IAM Role — no credentials on disk

Rather than placing AWS credentials on the instance directly, an IAM role honeypot-ec2-role was created with CloudWatchAgentServerPolicy and assigned to the EC2 instance. The instance receives automatically rotating temporary credentials through the instance metadata service. No keys on disk, ever.

CloudWatch Agent config

{
  "logs": {
    "logs_collected": {
      "files": {
        "collect_list": [
          {
            "file_path": "/var/log/opencanary/opencanary.log",
            "log_group_name": "honeypot-logs",
            "log_stream_name": "{instance_id}",
            "timezone": "UTC"
          }
        ]
      }
    }
  }
}
CloudWatch agent active and running
CloudWatch agent active — piping /var/log/opencanary/opencanary.log to honeypot-logs log group

Logs in CloudWatch Insights

honeypot-logs log group in CloudWatch
honeypot-logs log group created in CloudWatch Insights
Live honeypot events in CloudWatch
Live attacker events streaming into CloudWatch — 7 records captured within minutes of deployment
The instance was hit within minutes of going live. The internet continuously scans every public IP — bots will find open ports almost immediately.

Lambda + DynamoDB

A Lambda function subscribes to the honeypot-logs log group via a CloudWatch trigger. On every new batch of log events, it decompresses and parses each JSON entry, filters out internal startup messages, and writes structured attacker records to DynamoDB.

DynamoDB table

Table: honeypot-events  ·  Partition key: src_ip  ·  Sort key: timestamp

Lambda function (Python 3.12)

import json, boto3, base64, gzip

dynamodb = boto3.resource('dynamodb', region_name='us-east-2')
table = dynamodb.Table('honeypot-events')
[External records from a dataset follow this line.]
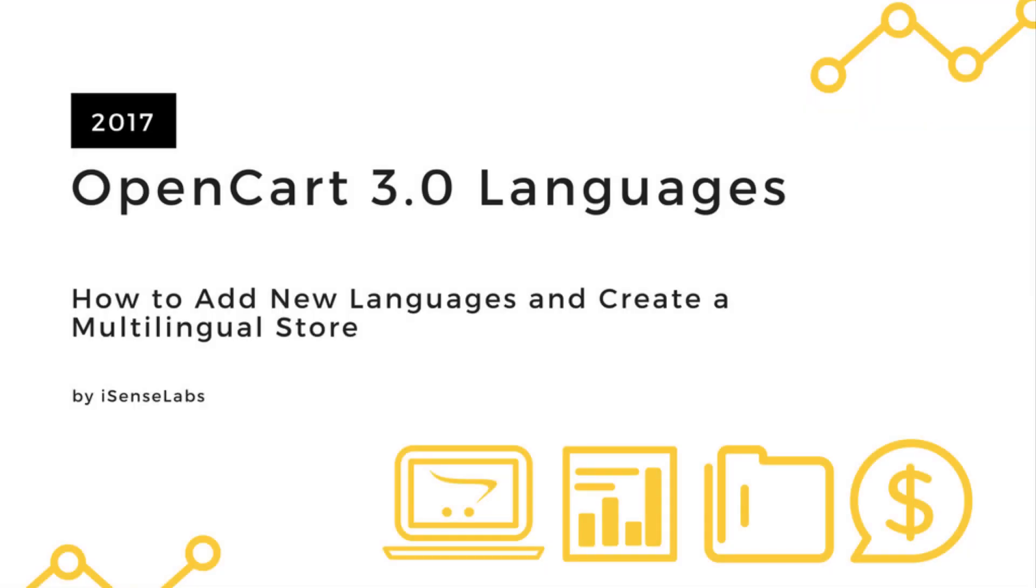Hi there! This is iSense Labs bringing you another OpenCart 3 tutorial. This time you will learn how to make your OpenCart 3 store available in multiple languages. Let's show you how to install a new language and enable it in your admin panel.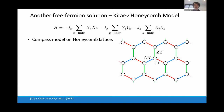Another free fermion solution is the Kitaev honeycomb model, a quantum compass model defined on a lattice where the interaction type depends on bond direction.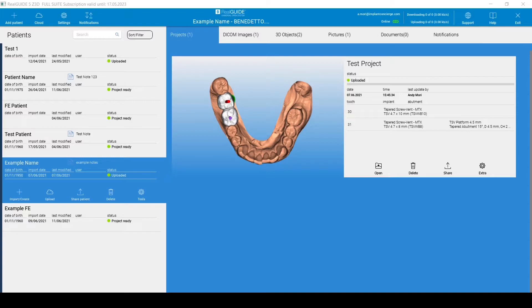In your RealGuide software, be sure to navigate to the proper patient and treatment plan that you wish to export.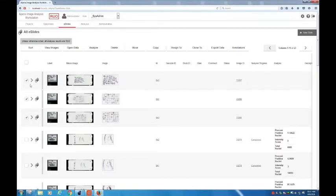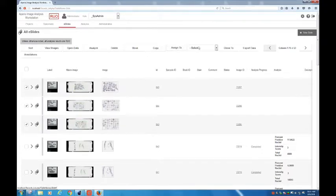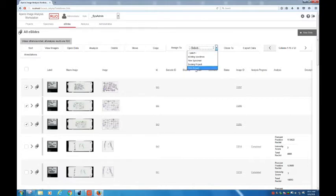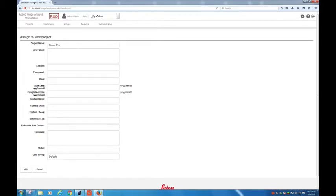You're going to want to select the boxes there on the left for the case and assign to, and click the assign button and new project. For the project name, I like to give it the accession number including the block number, so Part A, you put accession number A. Go ahead and add that case.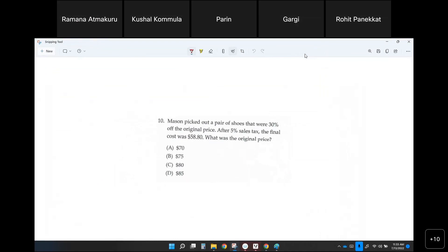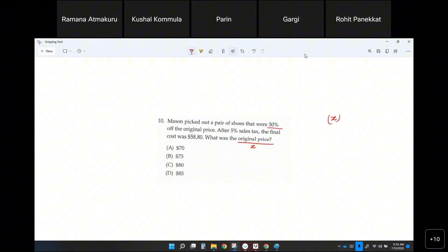Mason picked out a pair of shoes that were 30% off the original price. Let's say the original price is X dollars. If the original price is X dollars, what do you multiply X with when it is 30% off? The customer is only paying 70%, which means you multiply X with 0.7. Everybody got that?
def lambda_handler(event, context):
    cw_data = event['awslogs']['data']
    compressed = base64.b64decode(cw_data)
    uncompressed = gzip.decompress(compressed)
    log_data = json.loads(uncompressed)

    for log_event in log_data['logEvents']:
        try:
            message = json.loads(log_event['message'])
            src_ip = message.get('src_host', '')
            if not src_ip:
                continue
            table.put_item(Item={
                'src_ip':    src_ip,
                'timestamp': message.get('utc_time', ''),
                'dst_port':  str(message.get('dst_port', '')),
                'service':   get_service(str(message.get('dst_port', ''))),
                'logdata':   json.dumps(message.get('logdata', {}))
            })
        except Exception as e:
            print(f"Error: {e}")

def get_service(port):
    return {
        '21': 'FTP',  '23': 'Telnet', '80': 'HTTP',
        '2222': 'SSH', '3306': 'MySQL', '5900': 'VNC'
    }.get(port, f'Port-{port}')

Cleanup

To avoid charges after the project completes, delete resources in this order. The VPC deletion automatically removes the subnet, route table, and security group.

01.

EC2

Instances → select → Instance state → Terminate

02.

DynamoDB

Tables → honeypot-events → Delete

03.

CloudWatch

Log Groups → honeypot-logs → Actions → Delete log group

04.

Lambda

Functions → honeypot-log-parser → Actions → Delete

05.

VPC

Detach and delete Internet Gateway, then delete honeypot-vpc

06.

IAM

Delete honeypot-ec2-role and honeypot-lambda-role

Total cost: All resources used are Free Tier eligible. Estimated bill for this deployment: $0.